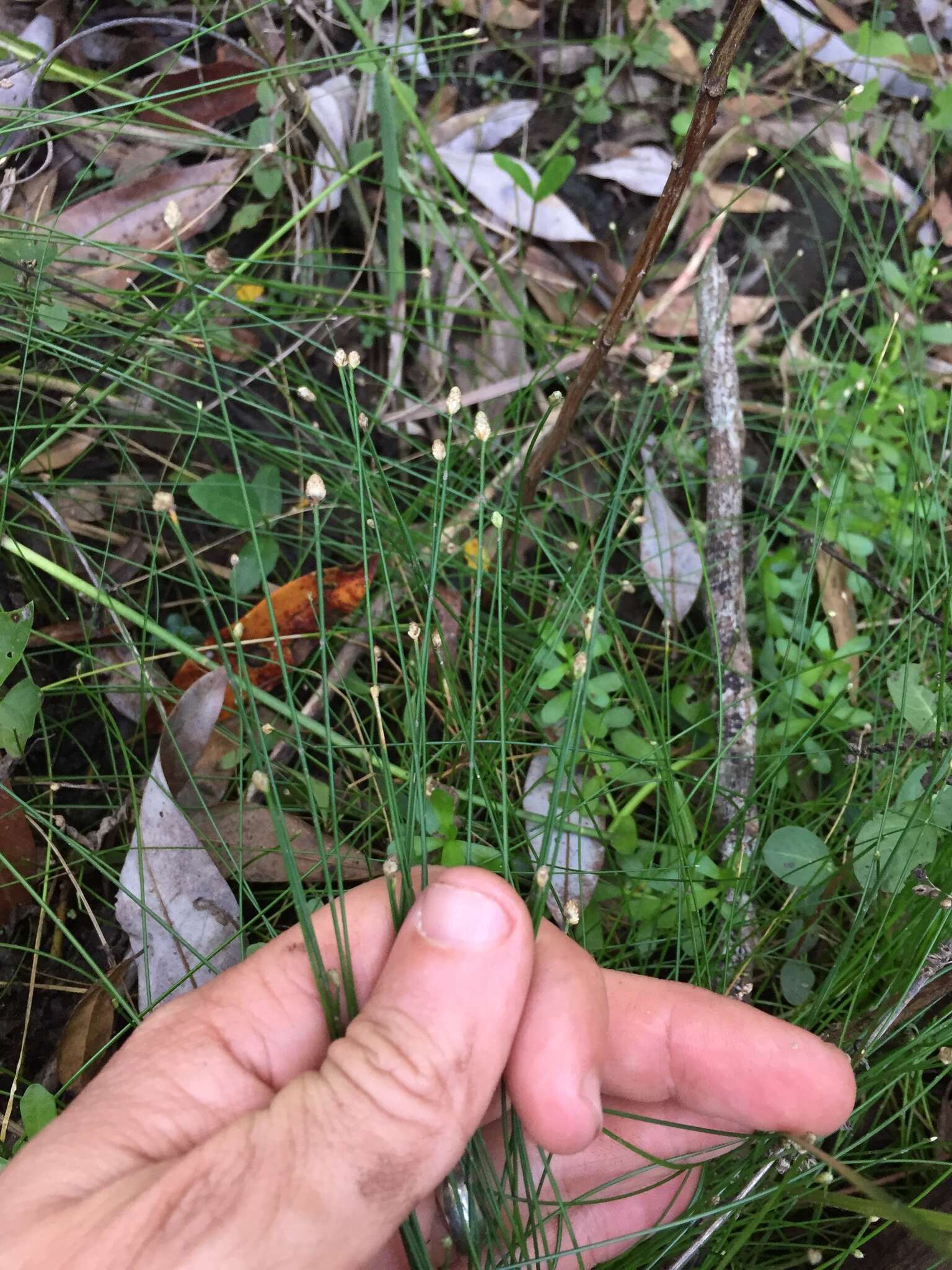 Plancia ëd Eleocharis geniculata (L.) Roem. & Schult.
==
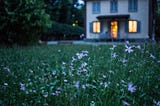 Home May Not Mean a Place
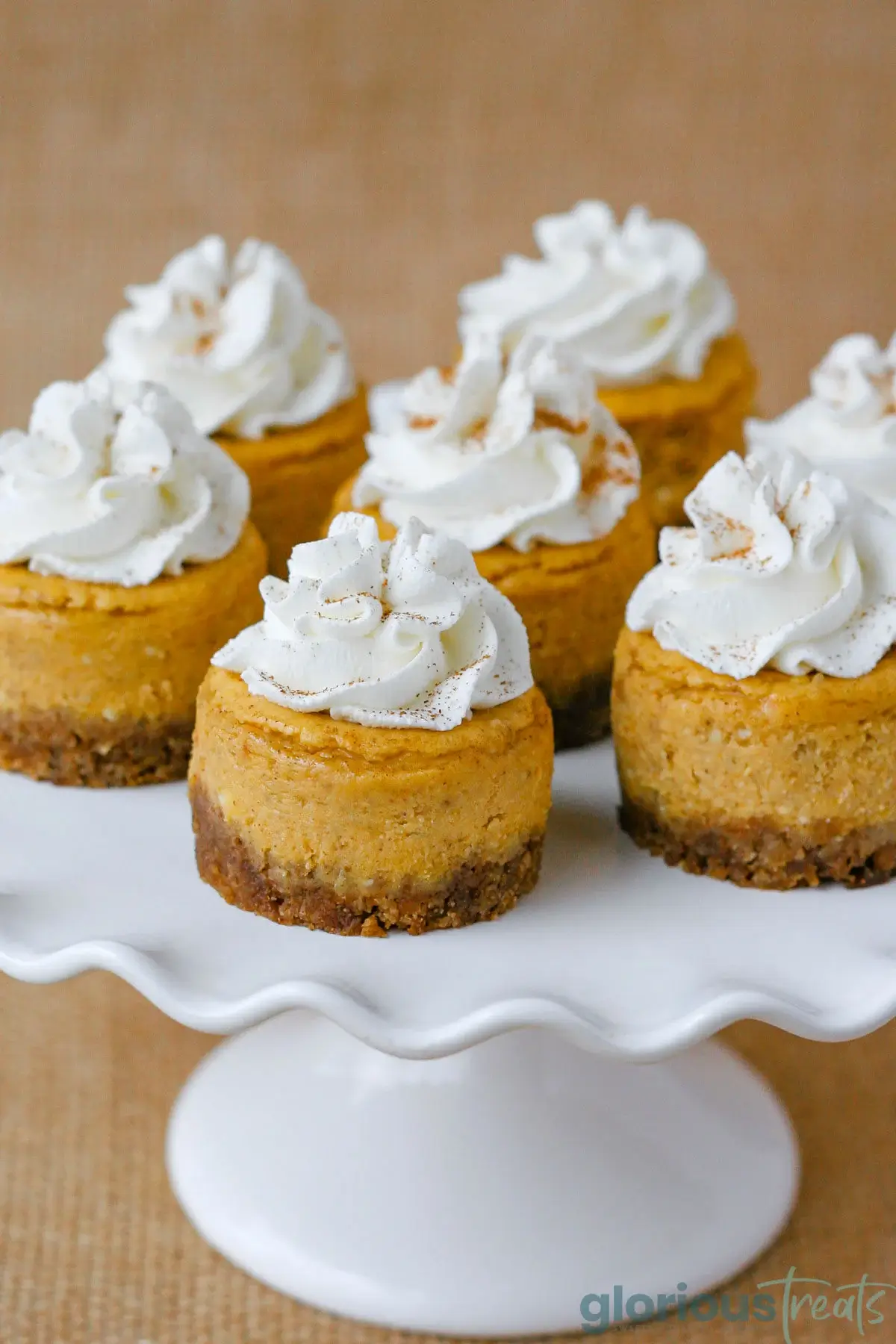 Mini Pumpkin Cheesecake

EXERCISE AIM —
What you return must match the lines above from the one with "Home May Not Mean a Place" through the one with "Mini Pumpkin Cheesecake" exactly, with both ends included and the pictures excluded.

EXERCISE OUTPUT —
 Home May Not Mean a Place
 Mini Pumpkin Cheesecake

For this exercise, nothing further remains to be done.